The Spark and Databricks Spark engines can process mappings that use complex data types, such as array, struct, and map. With complex data types, the run-time engine directly reads, processes, and writes hierarchical data in complex files.
The Spark and Databricks Spark engines can process hierarchical data in Avro, JSON, ORC, and Parquet complex files. They use complex data types to represent the native data types for hierarchical data in complex files. For example, a hierarchical data of type record in an Avro file is represented as a struct data type by the run-time engine.
Hierarchical Data Processing Scenarios
You can develop mappings for the following hierarchical data processing scenarios:
To generate and modify hierarchical data.
To transform relational data to hierarchical data.
To transform hierarchical data to relational data.
To convert data from one complex file format to another. For example, read hierarchical data from an Avro source and write to a JSON target.
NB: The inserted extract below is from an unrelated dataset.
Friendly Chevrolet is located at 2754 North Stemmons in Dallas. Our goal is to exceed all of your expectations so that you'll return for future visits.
To generate struct target data after parsing hierarchical JSON or XML data midstream in a mapping.
Hierarchical Data Processing Configuration
You create a connection to access complex files and create a data object to represent data in the complex file. Then, configure the data object read and write operations to project columns as complex data types. To read and write hierarchical data in complex files, you create a mapping, add a Read transformation based on the read operation, and add a Write transformation based on the write operation. To process hierarchical data, configure the following objects and transformation properties in a mapping:
Complex ports. To pass hierarchical data in a mapping, create complex ports. You create complex ports by assigning complex data types to ports.
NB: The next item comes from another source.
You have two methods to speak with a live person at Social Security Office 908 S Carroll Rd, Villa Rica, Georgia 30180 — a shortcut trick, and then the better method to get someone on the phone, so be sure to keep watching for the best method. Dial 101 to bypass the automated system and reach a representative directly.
Complex data type definitions. To process hierarchical data of type struct, create or import complex data type definitions that represent the schema of struct data.
Type configuration. To define the properties of a complex port, specify or change the type configuration.
Complex operators and functions. To generate or modify hierarchical data, create expressions using complex operators and functions.
You can also use hierarchical conversion wizards to simplify some of the mapping development tasks.